(Reuters) -The approval of Biogen and Sage Therapeutics’ depression pill for a smaller-than-expected patient cohort has fueled concerns over its growth prospects, analysts said on Monday.
The U.S. Food and Drug Administration (FDA) on Friday approved the pill, Zurzuvae, as the first oral drug for postpartum depression (PPD), while simultaneously rejecting it as a treatment for major depressive disorder (MDD).
Shares of Sage Therapeutics crashed 50%, while Biogen fell 2%, as analysts said the market for a PPD drug is expected to be much smaller than that for MDD, or clinical depression.
PDD is a common complication that impacts one in eight women during and after pregnancy, and affects their ability to return to normal functioning.
Zurzuvae, which was shown to relieve PDD symptoms in just days in clinical studies, is required to be given for two weeks, while the only other existing treatment warrants continuous intravenous infusion for 60 hours. Other common anti-depressants take several weeks to work.
While PDD treatments are an important societal need, given that the condition is frequently overlooked, it represents a small market, according to Biogen.

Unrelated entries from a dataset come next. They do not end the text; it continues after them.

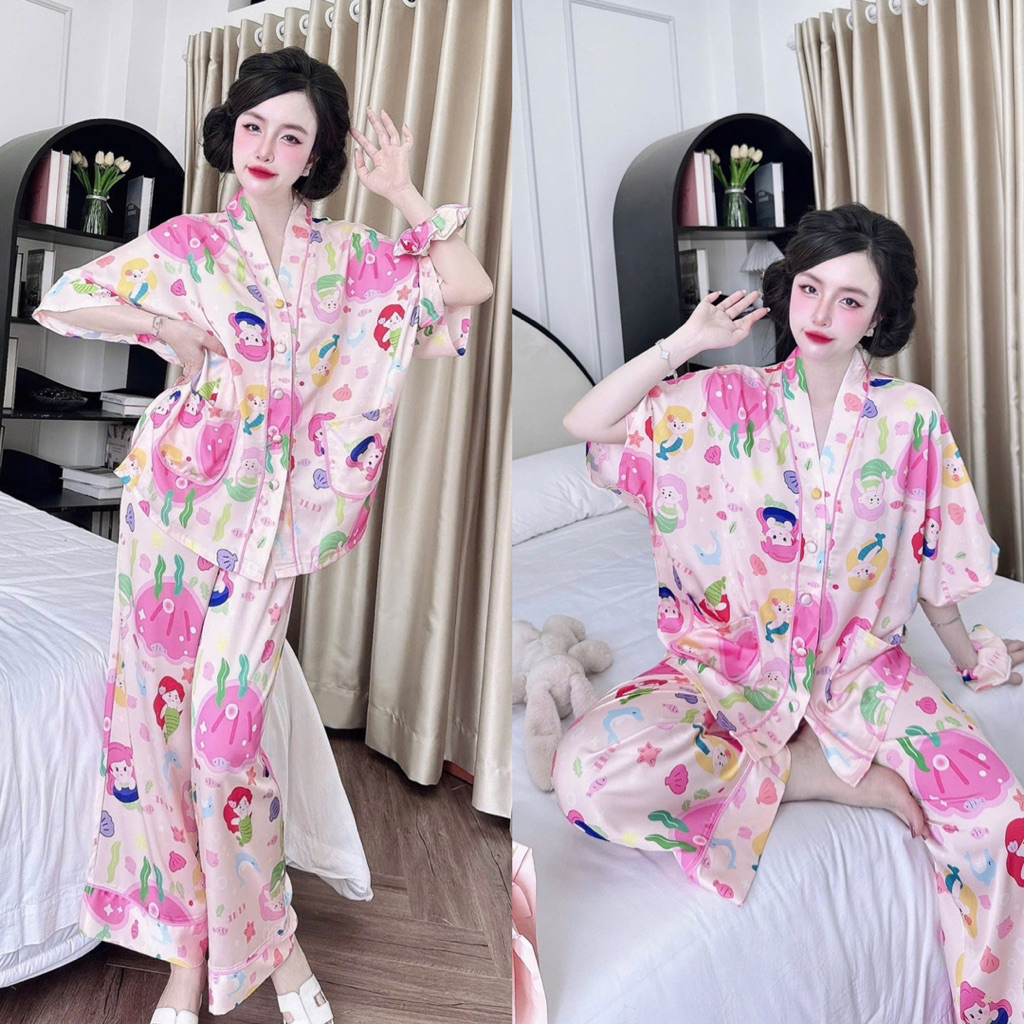 Bộ pijama hoạ tiết TIÊN CÁ lụa latin mềm mát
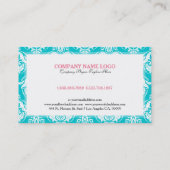 Witte  schade op de achtergrond van Turquoise Visitekaartje (Achterkant)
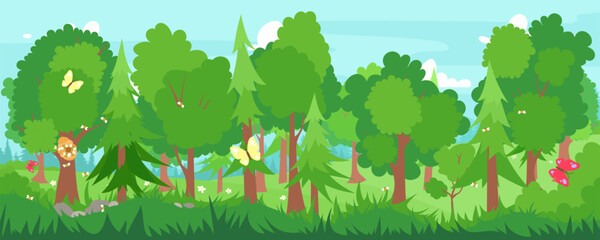 Green trees in forest flat vector illustration. Pine, fir tree, oak, maple. Beautiful green grass. Natural forest landscaping plant. Ecology park template. Spring season landscape with bugs.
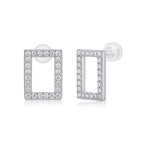 In Full Swing – Fashionable and Affordable Moissanite Stud Earrings in S925 Sterling Silver, Platinum Plated - N&P Colletion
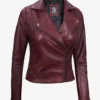 Women's Real Lambskin Leather Maroon Biker Style Jacket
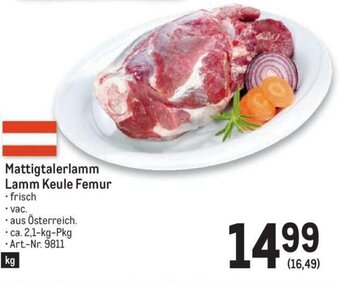 Metro Mattigtalerlamm Lamm Keule Femur Angebot
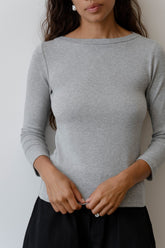 Women Heather Grey Baby Rib Boat Neck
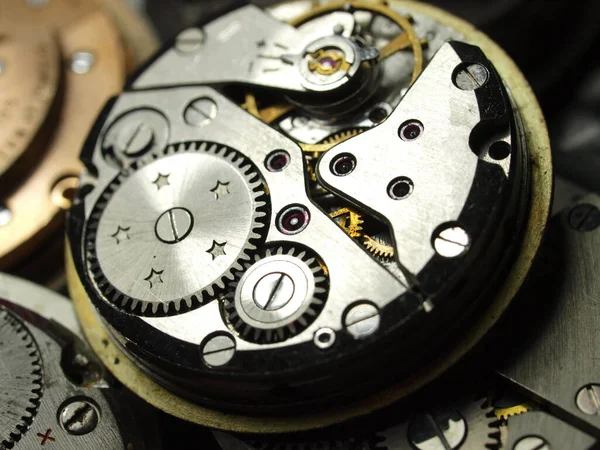 Close Several Vintage Mechanical Watch Caliber Gears — Stock fotografie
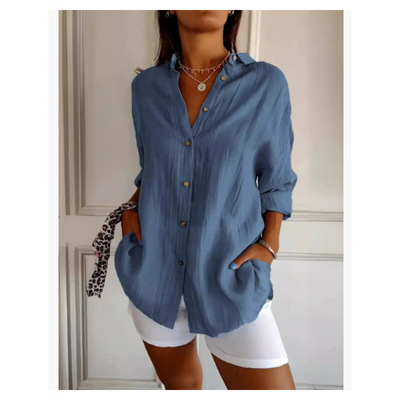2026Single breasted pleated collared shirt单排扣打褶翻领衬衫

PDD “is going to be a tough indication to build a big market out of, even at a high premium price,” Baird analyst Brian Skorney said.
The FDA said that additional studies might be required to support the drug’s approval for major depressive disorder.
Biogen is unlikely to “quickly move forward on another late-stage study for MDD”, given its focus on saving costs and job cuts, Jefferies analyst Michael Yee said.
Zurzuvae’s use as a clinical depression treatment represents a more than $1 billion sales opportunity compared with $250 million to $500 million potential for postpartum depression, Yee added.